| Problem requirements |
Wherever a picture appears in the listing, leave it out, and copy the rest exactly.
━━ Records supplied ━━
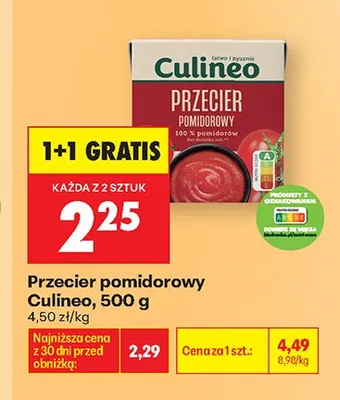 Przecier pomidorowy Culineo promocja w Biedronka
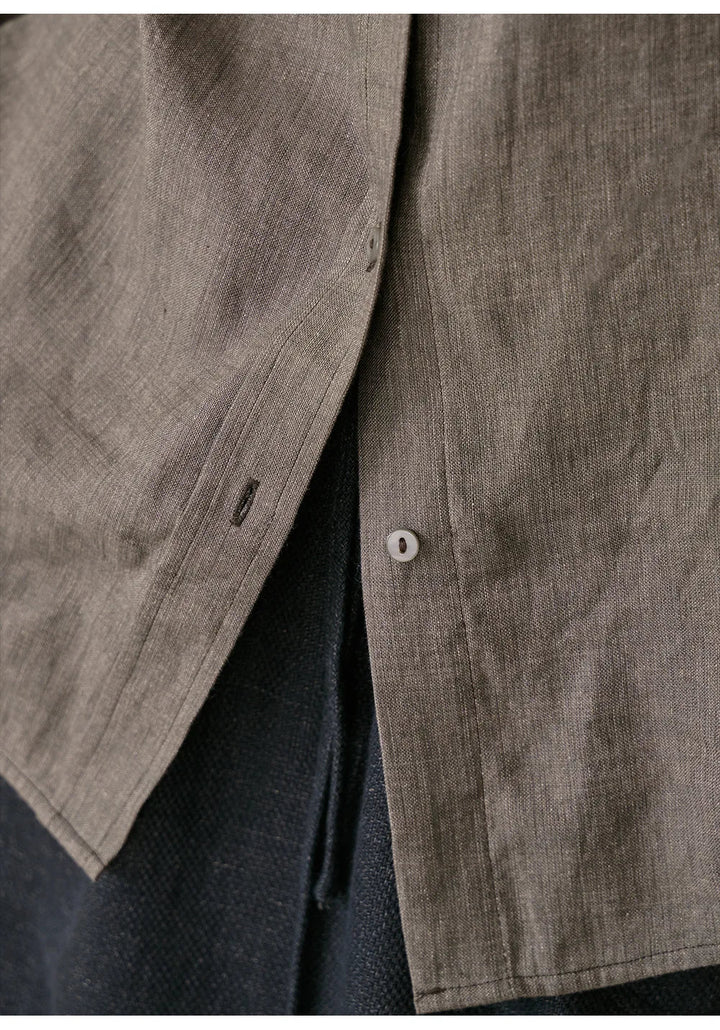 Olivia Bennet | Linen Shirt for Women, Relaxed Fit, White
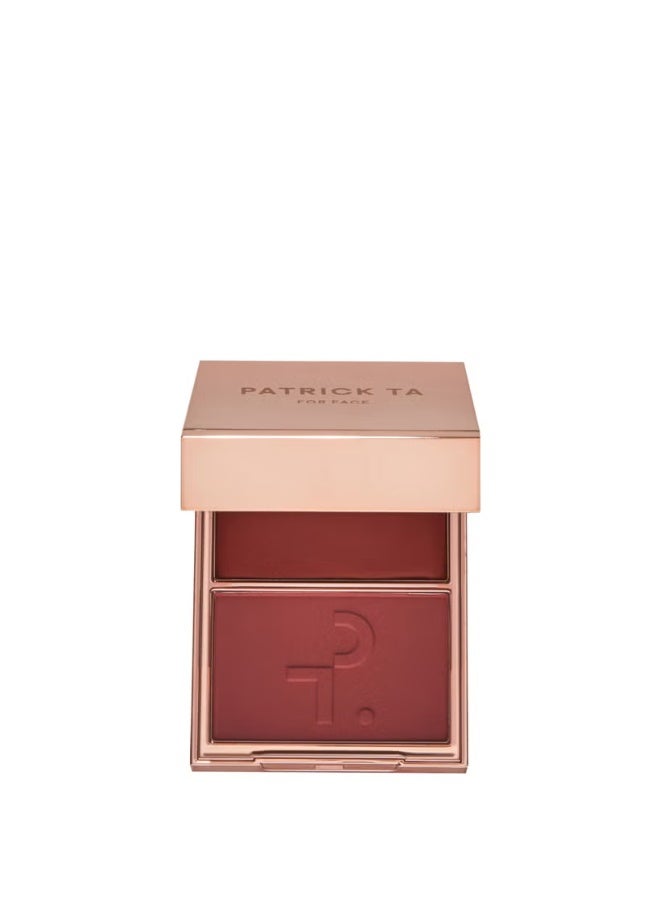 PATRICK TA Major Headlines Double-Take Crème and Powder Blush Duo - She Knows Who She Is - Image 1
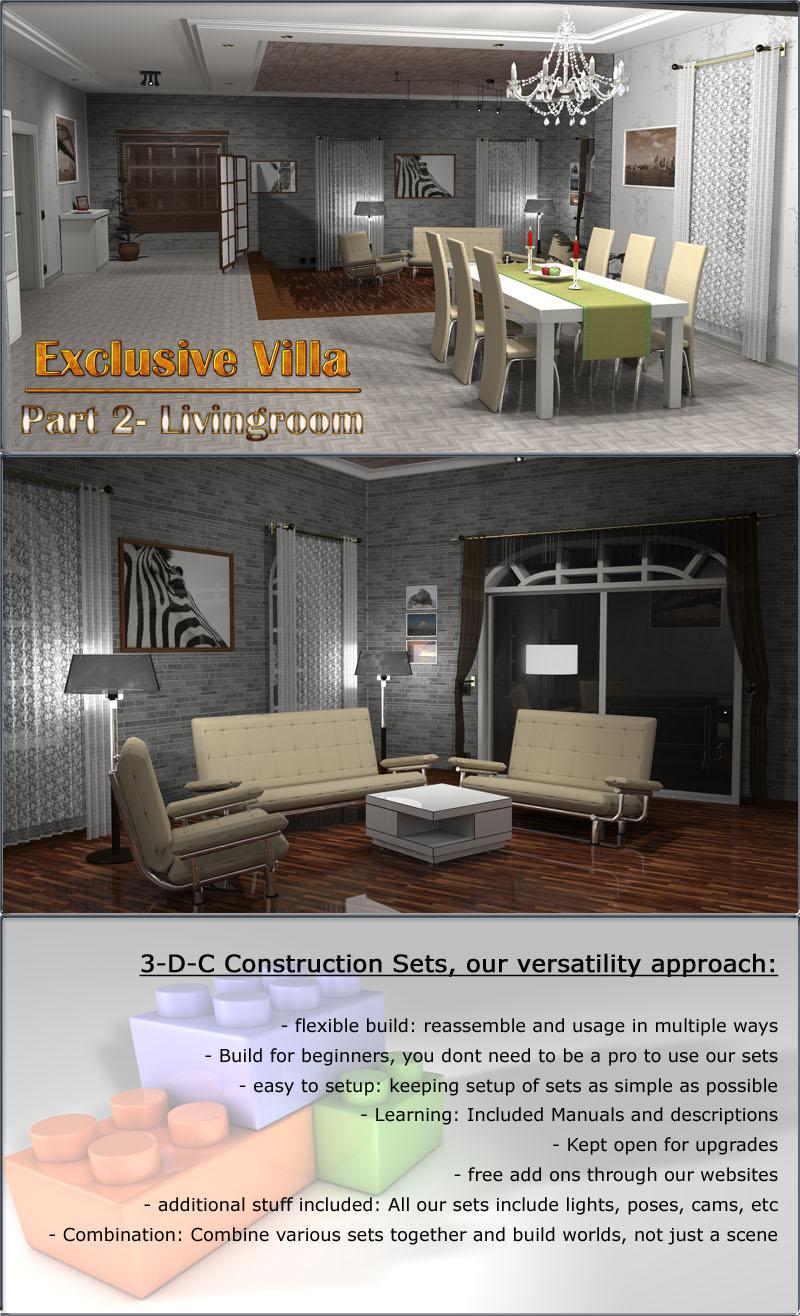Exclusive Villa 2: Livingroom by N/A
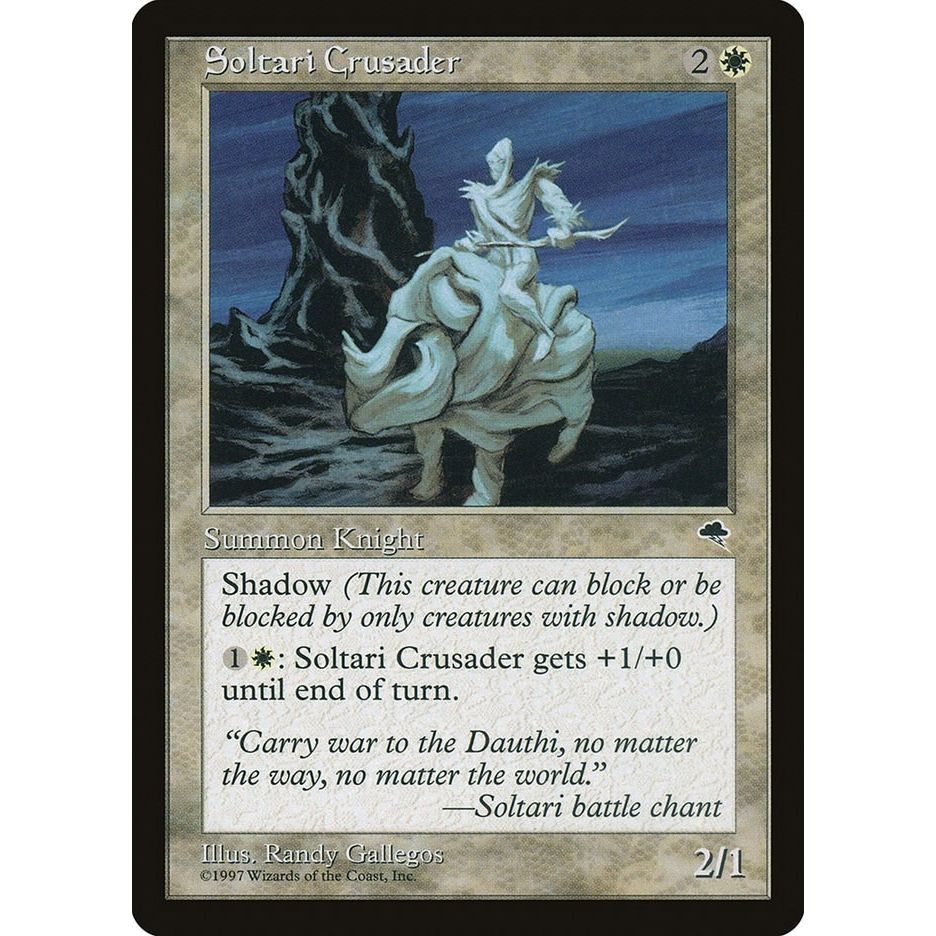 Image for Soltari Crusader (41) (TMP) - Magic: The Gathering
━━━
| Output below |
 Przecier pomidorowy Culineo promocja w Biedronka
 Olivia Bennet | Linen Shirt for Women, Relaxed Fit, White
 PATRICK TA Major Headlines Double-Take Crème and Powder Blush Duo - She Knows Who She Is - Image 1
Exclusive Villa 2: Livingroom by N/A
 Image for Soltari Crusader (41) (TMP) - Magic: The Gathering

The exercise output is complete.